Open MPI logo

Open MPI Development Mailing List Archives

  |   Home   |   Support   |   FAQ   |   all Development mailing list

Subject: Re: [OMPI devel] RFC: merge windows branch into trunk
From: Shiqing Fan (fan_at_[hidden])
Date: 2008-11-20 10:50:23


Hi Tim,

Yes, you're right. Most of those changes are made based on #ifdef
__WINDOWS__, that would make troubles for CMRs.

Here I provide some more information :

------------------------------------

These files are harmless, because no other platform will use them (no need to go into 1.3).

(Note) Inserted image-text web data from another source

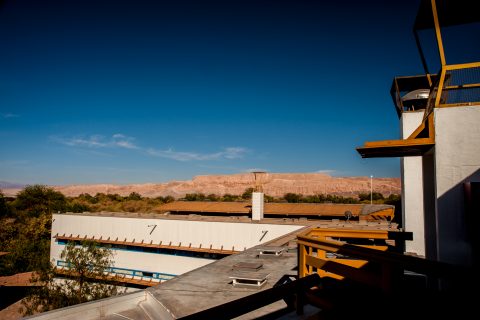 Andes from San Pedro de Atacama hotel, Chile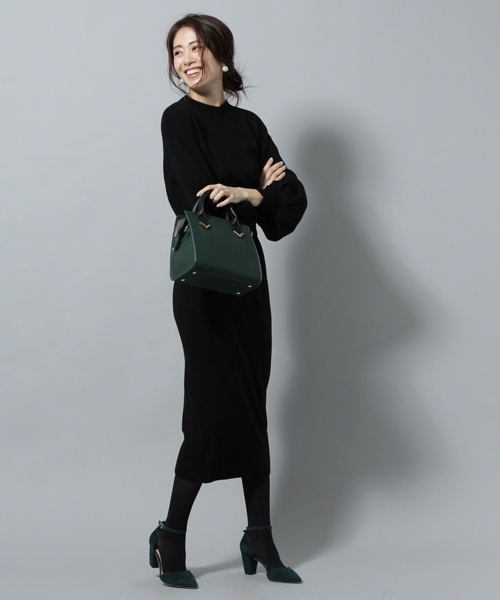 Andemiu（アンデミュウ）の「【ブラウンWEB限定】ベルトツキボトルネックワンピース（ワンピース・レディース・ブラック/グレー/その他/ピンク・FREE）」の17枚目の写真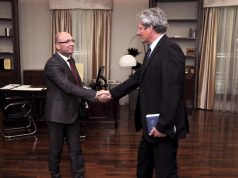 FOTO/ Dritan Demiraj takon kreun e OSBE në Shqipëri, i prezanton prioritet e ministrisë së Brendshme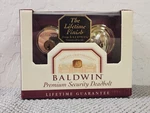 Baldwin Premium Security Deadbolt Single Cylinder Lifetime Finish 98031.003 Read. Fixed Price $39.97.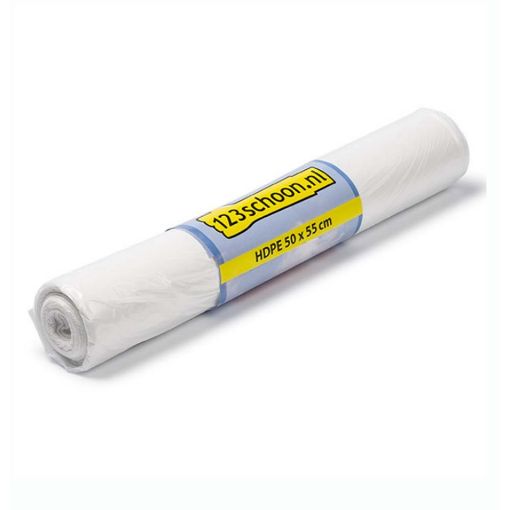 Εικόνα της Σακούλες Απορριμάτων 123Schoon 50 τμχ HDPE 20Lt White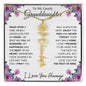 To My Lovely Granddaughter | "Once Upon a Time..." | Personalized Birth Flower Name Necklace wbb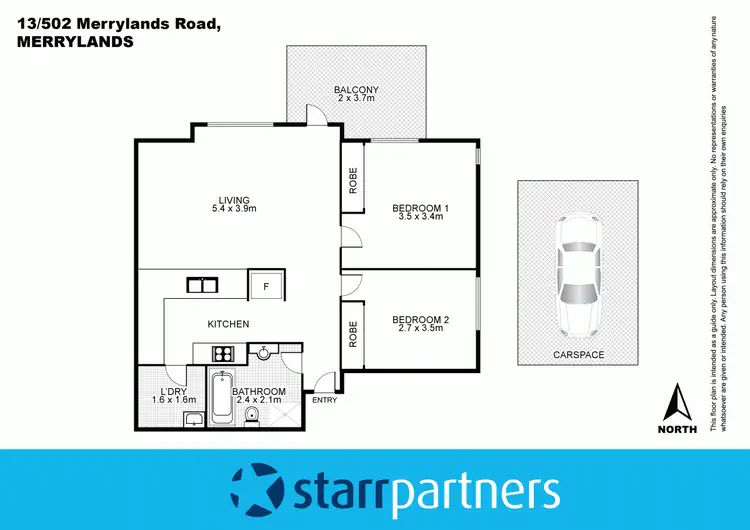 Floorplan of Homely unit listing, 13/502-504 Merrylands Road, Merrylands NSW 2160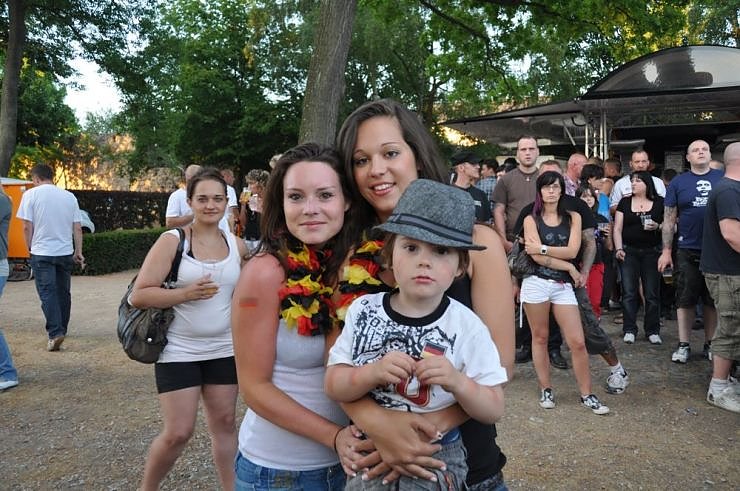 Public Viewing auf den Petersberg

M opal/event/WIN32-Code/win32.c
M opal/mca/installdirs/windows/opal_installdirs_windows.c
M opal/win32/ompi_misc.h
M opal/win32/win_compat.h
M orte/mca/plm/ccp/plm_ccp_component.c
M orte/mca/plm/ccp/plm_ccp_module.c
M orte/mca/ras/ccp/ras_ccp_component.c
M orte/mca/ras/ccp/ras_ccp_module.c

------------------------------------

The changes in these files are important for windows support(see details in the first diff file).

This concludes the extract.